The centre, which is a non-profit social service agency, is helping to prepare such workers with its LifeWork course.
The course, which can last from one to three days, provides a toolkit for older workers to plan and manage their work-life transition, addressing concerns of career, retirement, health and family at different stages of life, especially at critical age junctions of 55, 62 and 67.
Around 3,000 workers from about 40 organisations have attended the course since it was piloted in 2016. A small number of workers also signed up for the course on their own.
The centre also launched a job portal for older workers last year called Silverjobs.sg. The portal features around 40 age-friendly employers across industries, such as the food and beverage sector, security and community care. It also offers corporate and administrative roles, and those in engineering and delivery services.
It will help to match employers with older workers in suitable roles.
The centre has also developed an employment pathway for mature workers, which includes preparing both workers and employers before allowing for a job trial to ensure the right fit for both sides.
These moves are in line with a recommendation by the Tripartite Workgroup on Older Workers that calls on employers to engage mature workers in structured career-planning sessions.
Ms Low Yen Ling, Senior Parliamentary Secretary for Manpower and Education and a member of the workgroup, said: "We hope that employers in the private sector and seniors will also take time to reflect, discuss and talk about how to prepare older Singaporeans to enjoy longer, more productive careers.

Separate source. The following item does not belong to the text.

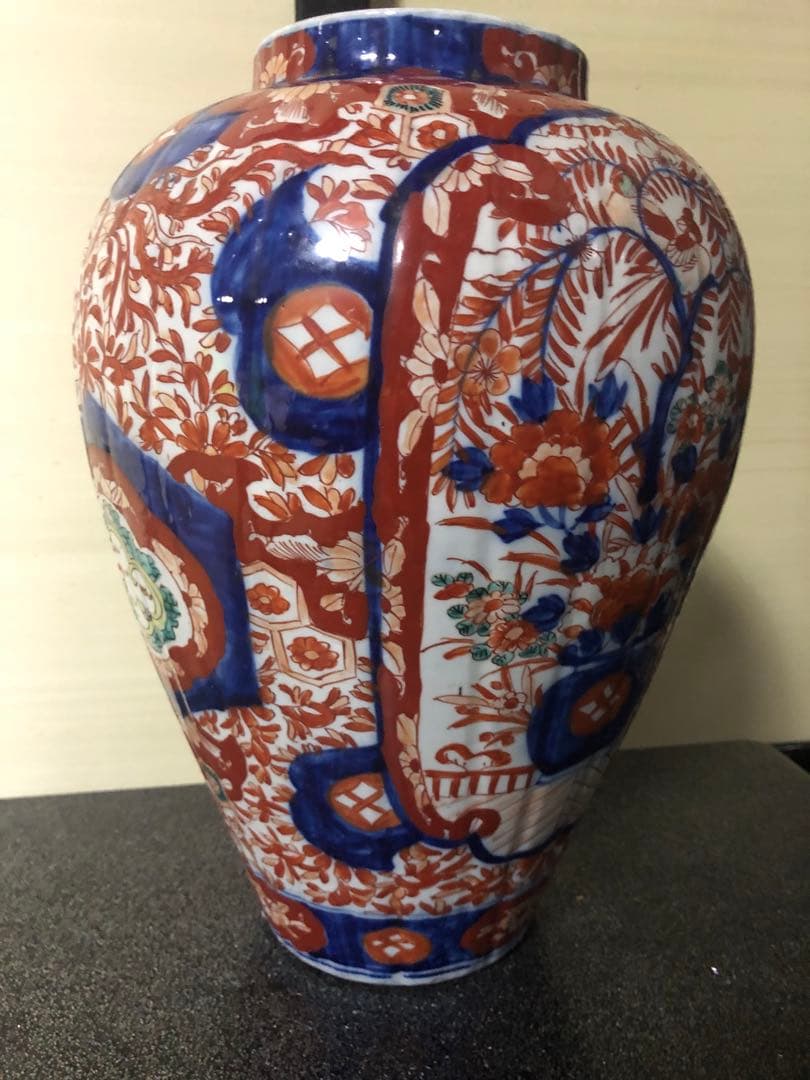 どっしり迫力ある花籠色絵の伊万里大壺 検古伊万里骨董古道具花活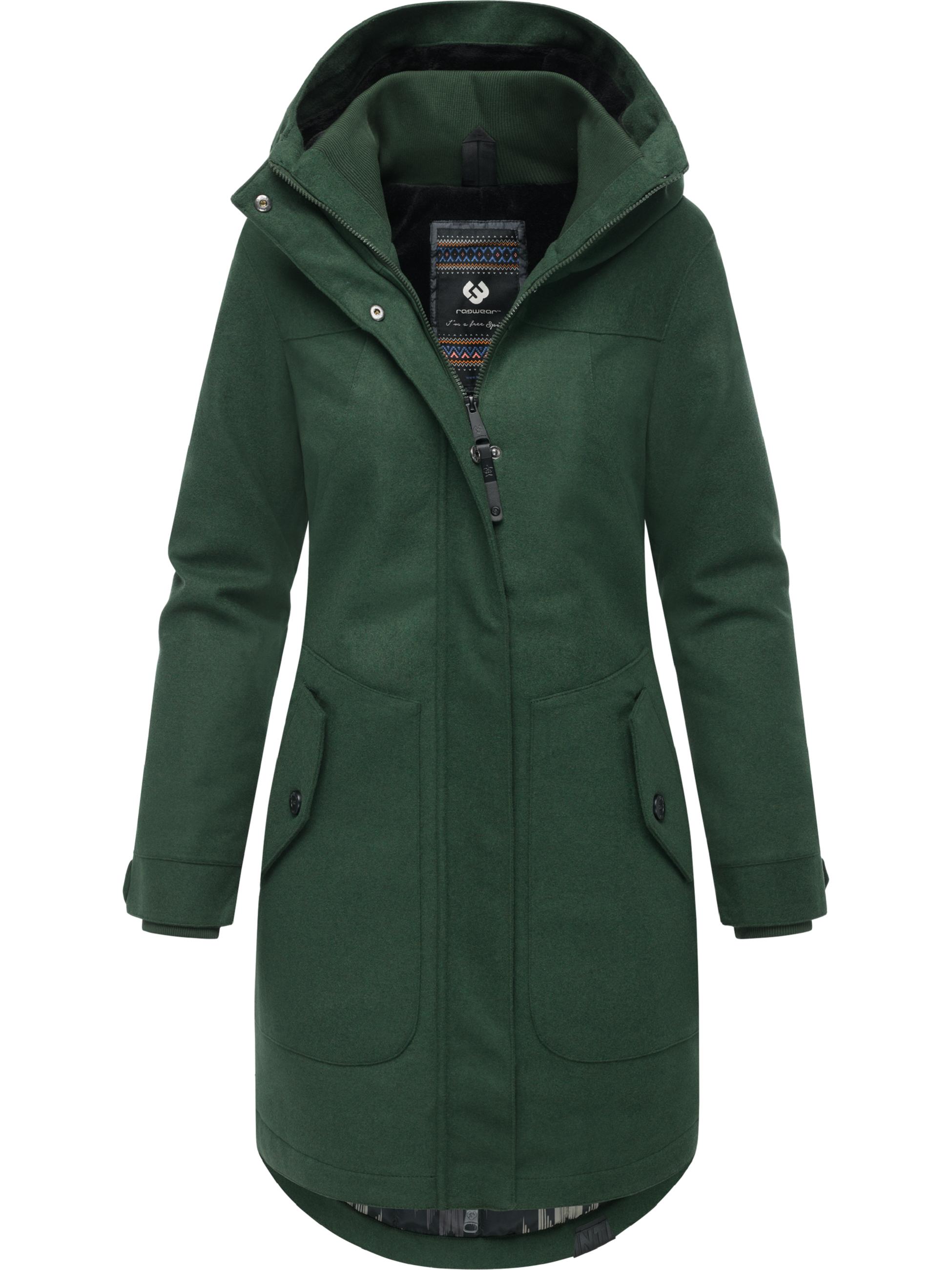 Klassischer Wintermantel in Woll-Optik "Jannisa Coat" Dark Green25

"We have to get them talking about re-employment early and not just a year before - 55 is a good age milestone. Such conversations and plans will give employers and seniors time to build up the skills required and help the seniors to build confidence in case he or she is prepared to go into a second career.
"Employers are also generally more aware of the skills needed for the industry, so we hope the employer can guide employees into what courses they should go for, to prepare for career transitions."